* [EXERCISE DATA]:
....
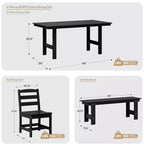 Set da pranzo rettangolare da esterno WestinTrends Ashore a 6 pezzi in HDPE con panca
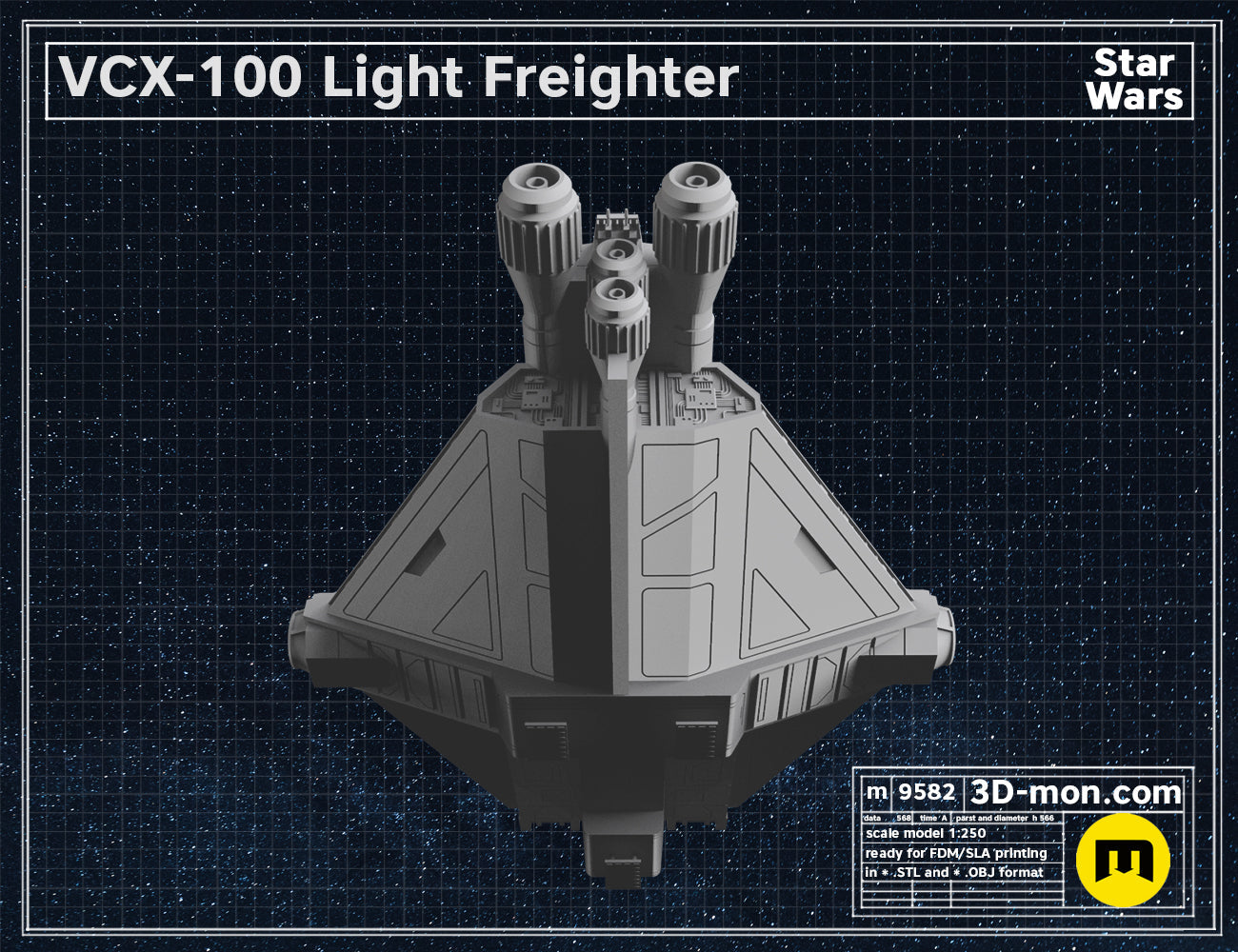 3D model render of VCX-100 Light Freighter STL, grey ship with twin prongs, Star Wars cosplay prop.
....
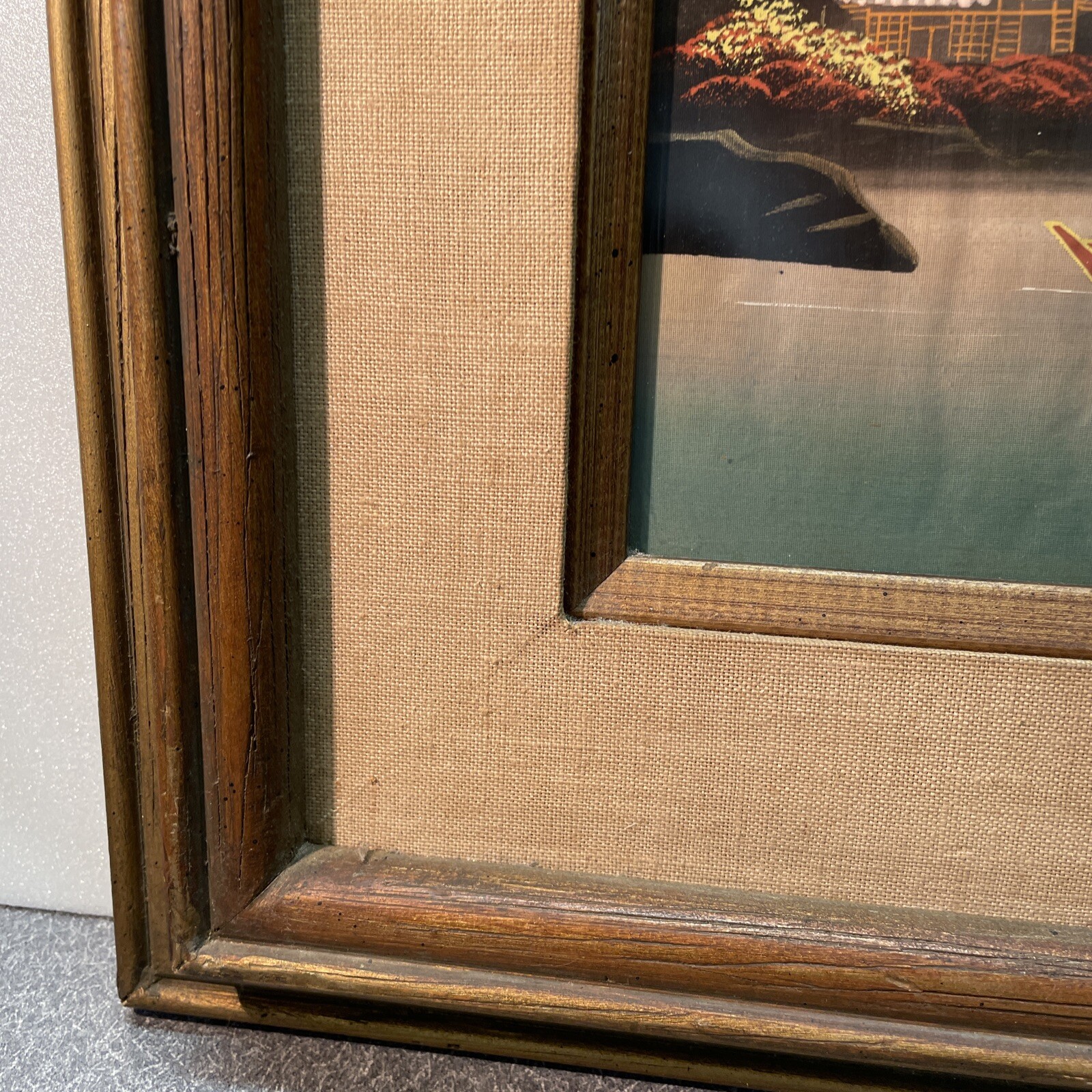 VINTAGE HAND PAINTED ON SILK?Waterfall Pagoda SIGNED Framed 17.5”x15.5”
....
* [PROBLEM TO WORK ON]: Please copy the lines above exactly, starting at the line that holds "Set da pranzo" and ending at the line that holds "3D model render"; include both, but no pictures.

* [ANSWER TO THE EXERCISE]:
 Set da pranzo rettangolare da esterno WestinTrends Ashore a 6 pezzi in HDPE con panca
 3D model render of VCX-100 Light Freighter STL, grey ship with twin prongs, Star Wars cosplay prop.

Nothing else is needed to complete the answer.